De fait, sur les 19 216 exploitations agricoles labellisées HVE en France au 1/07/2021, 14 721 sont des exploitations viticoles, soit 77% (chiffres du ministère de l’agriculture). En Gironde, le département comptait (toujours au 1er juillet) 2548 exploitations HVE. Notre département est cette fois encore sur le podium (premier devant la Marne avec 1603 exploitations). A comparer avec le podium des surfaces viticoles sans doute, mais aussi avec celui des achats de pesticides que cartographie régulièrement Générations Futures.
Les départements champions en nombre d’exploitations HVE et les départements champions en terme d’achats de pesticides : une corrélation ?
En Nord-Gironde où en est-on ?
Le nombre d’exploitations en agriculture biologique augmente depuis plusieurs années, en Nord-Gironde. Sur l’ensemble des Côtes de Blaye (6000 ha), 23% des surfaces sont aujourd’hui en agriculture bio et 13% en conversion. Ce qui fait que le tiers de la surface viticole n’est plus arrosée de pesticides de synthèse. Alerte Pesticides Haute Gironde salue ces réelles avancées qui sont de nature à diminuer l’exposition des riverains, notamment les enfants et les femmes enceintes à certains des produits utilisés dans les rangs de vigne.

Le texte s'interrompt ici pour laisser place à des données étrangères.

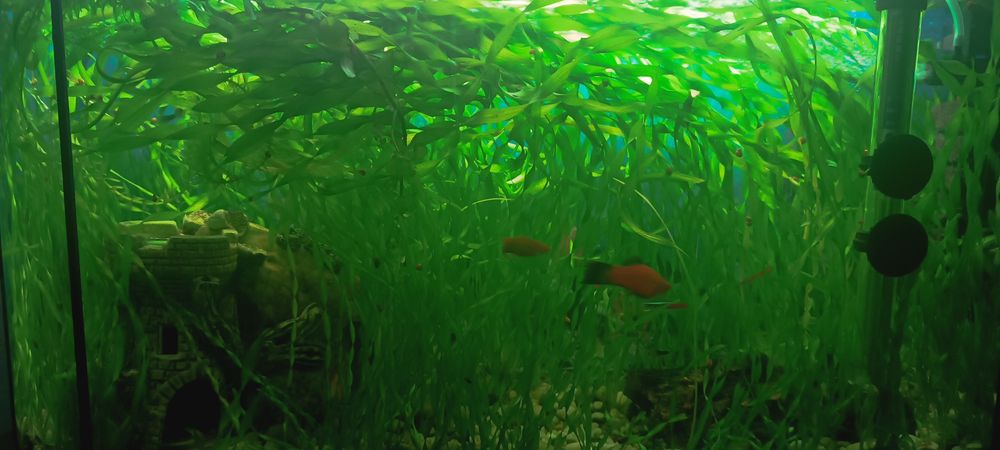 Аквариумные растения Валлиснерии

Du côté des Côtes de Bourg (4 000 ha) l’évolution est similaire puisque le quart de la surface agricole est en bio. Mais l’orientation actuelle de l’ODG risque fort de ralentir la progression. Il a choisi d’intégrer l’obligation de certification HVE 3 au cahier des charges de l’appellation. Cela signifie que même les viticulteurs en bio, ceux qui renoncent totalement à l’usage des pesticides de synthèse, devront demander ce label affiché comme un “verdissement” de l’appellation. Cette décision, présentée comme une “mesure agro-environnementale forte”, confirme une réorientation dommageable que nous pressentions au printemps dernier (voir notre article). En mettant tous ses efforts vers la certification HVE, l’ODG renonce à une véritable transition écologique.
L’AOC Côtes de Bourg est en ce sens la bonne élève du CIVB qui a fait de la HVE l’alpha et l’oméga de sa “comm” pour tenter de faire face à l’effondrement des ventes de la filière au lieu de prendre par les cornes le problème de cette mévente due, entre autres, à de nombreuses affaires crapuleuses, à une réputation qui s’effondre et à une inquiétude environnementale qui grandit dans la société. On retrouve d’ailleurs le syndicat professionnel viticole des Côtes de Bourg aux côtés du CIVB dans le procès-bâillon intenté à l’association Alerte aux Toxiques (voir nos articles ici et là) pour avoir “dénigré” les vins de Bordeaux (HVE notamment).
Pour éviter les CMR et perturbateurs endocriniens, une seule solution, souligne la Cour des Comptes : promouvoir les labels sérieux tels que l’agriculture BIO ou DEMETER.